All posts tagged data

Privacy

Over at Miskatonic University Press, William Denton writes up a good summary of concerns about the Measure the Future project and privacy. In that post, he says:

Measure the Future has all the best intentions and will use safe methods, but still, it vibes hinky, this idea of putting sensors all over the library to measure where people walk and talk and, who knows, where body temperature goes up or which study rooms are the loudest … and then that would get correlated with borrowing or card swipes at the gate … and knowing that the spy agencies can hack into anything unless the most extreme security measures are taken and there’s never a moment’s lapse … well, it makes me hope they’ll be in close collaboration with the Library Freedom Project.

A fine, fine point, and one that I felt was important enough that I actually made sure to include a slide in my announcement presentation (which will be going up here on the blog asap) about privacy and how I am very aware of the potential issues here. I have spent a decent amount of time thinking about the threat models for data of this type, and how to properly anonymize/aggregate the data collected by our sensors.
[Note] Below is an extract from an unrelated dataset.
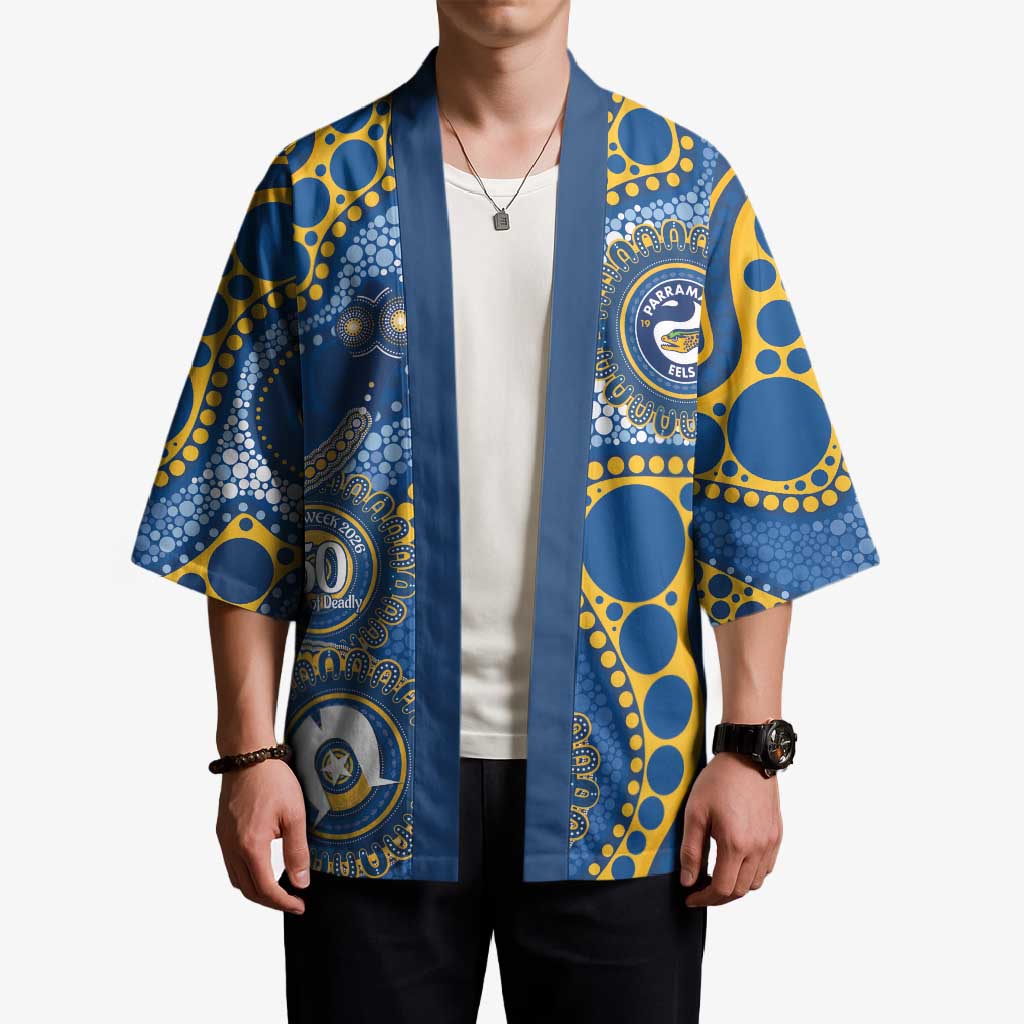 Eels NAIDOC Week 2026 Personalised Kimono 50 Years of Deadly Aboriginal Art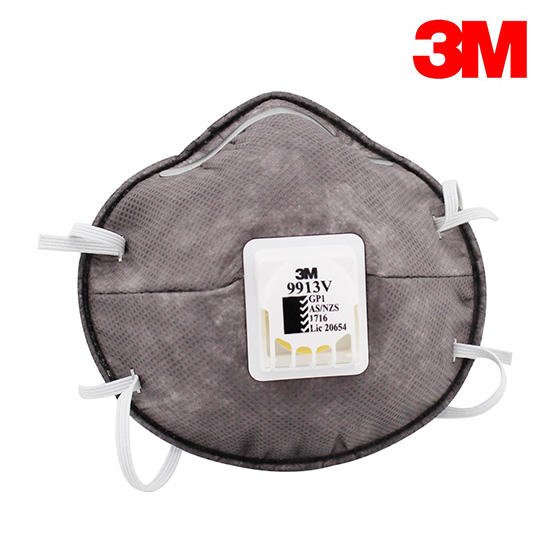 Khẩu trang than hoạt tính lọc độc 3M-9913V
While we are still early on in the thinking about how best to collect the data we need, my best guess right now is that we will be using Machine Vision-based low-resolution image sensors to act as our “counters”. There are many, many ways to count people: laser tripwire sensors, infrared sensors, ultrasonic sensors, and more. But the one that gives us the most flexibility of placement, and handles two very tricky problems well (the multiple-body problem and being able to count directionality of movement) pretty well. Plus machine vision based sensors can get better faster via software updates than any of the other types.

Using these types of sensors, the data collected will be something like a timestamped interger along with a directional measure (into the space, out of the space). There won’t be any form of individualized tracking…we don’t need to know who the patron is, and we don’t care. Correlation with circulation data, which I do think will be incredibly valuable in order to see if browsing behaviors correlate with circulation, can be done without caring at all about patron information. All we need to know is if a book circulated (any book) in the range that was browsed (by anyone). It doesn’t matter for our purposes if it’s the same person doing both things, as we’re just going to be looking at correlation in large data sets.

Believe me, I understand how much this data could be abused. Not only do I plan to build measurement tools that respect patron privacy, I’m going to try and build tools whose data structures and management make it impossible for libraries to misuse the data at all. And I’m totally happy to work with The Library Freedom Project or anyone else that can help me make sure that our data is clean and free of concern.